**WHAT YOU SHOULD DO**: The answer must reproduce exactly the lines from the one with "JK Rowling j.k." through the end of the material, and it must contain no pictures.

**INFORMATION SHOWN**:
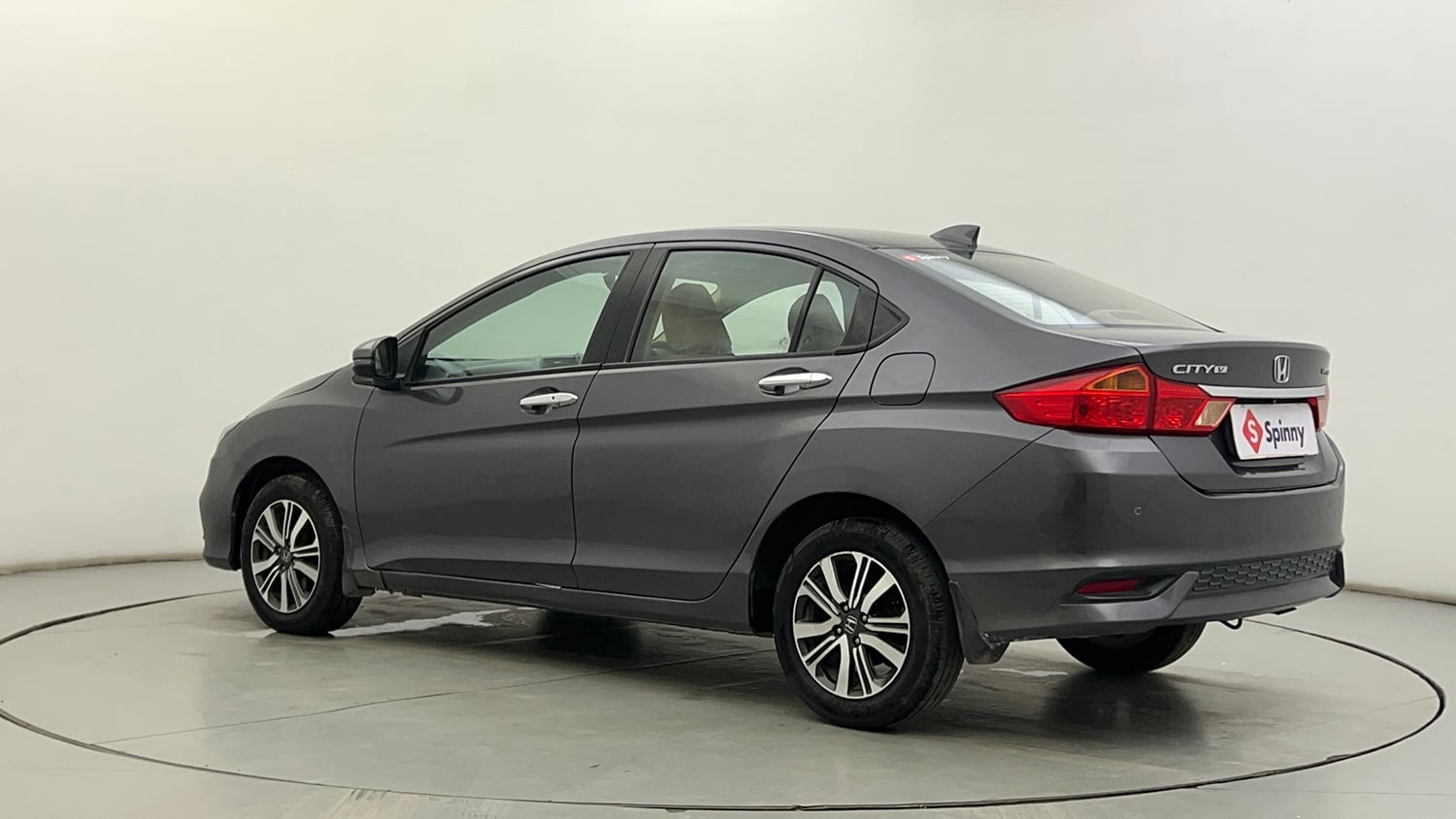 Used 2019 Honda City V CVT Petrol Petrol Automatic exterior LEFT REAR CORNER VIEW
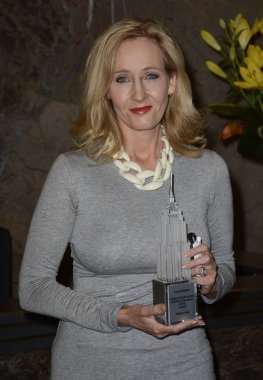JK Rowling j.k. Rowling Lights Empire State Binası için basın toplantısında Wearelumos.org ABD Lansmanı için, Empire State Binası, New York, Ny Nisan 9, 2015. Fotoğraf: Derek Storm / Everett Koleksiyonu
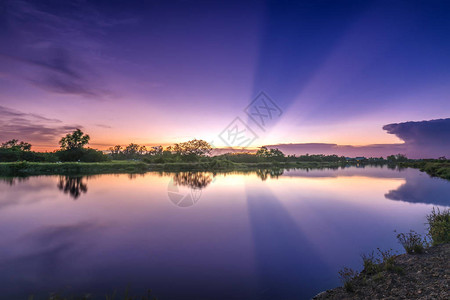 圣光之子当太阳落到地平线时背景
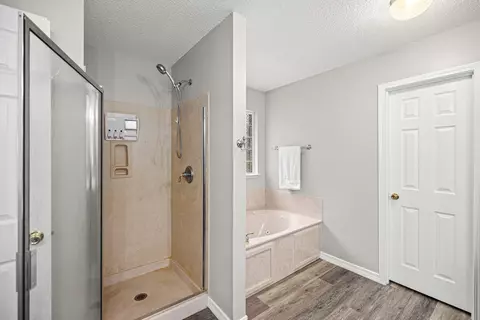 Bath - 2652 Paddock Cir, Crestview, FL 32536 photo 5 of 8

**RESULT OF THE TASK**:
JK Rowling j.k. Rowling Lights Empire State Binası için basın toplantısında Wearelumos.org ABD Lansmanı için, Empire State Binası, New York, Ny Nisan 9, 2015. Fotoğraf: Derek Storm / Everett Koleksiyonu
 圣光之子当太阳落到地平线时背景
 Bath - 2652 Paddock Cir, Crestview, FL 32536 photo 5 of 8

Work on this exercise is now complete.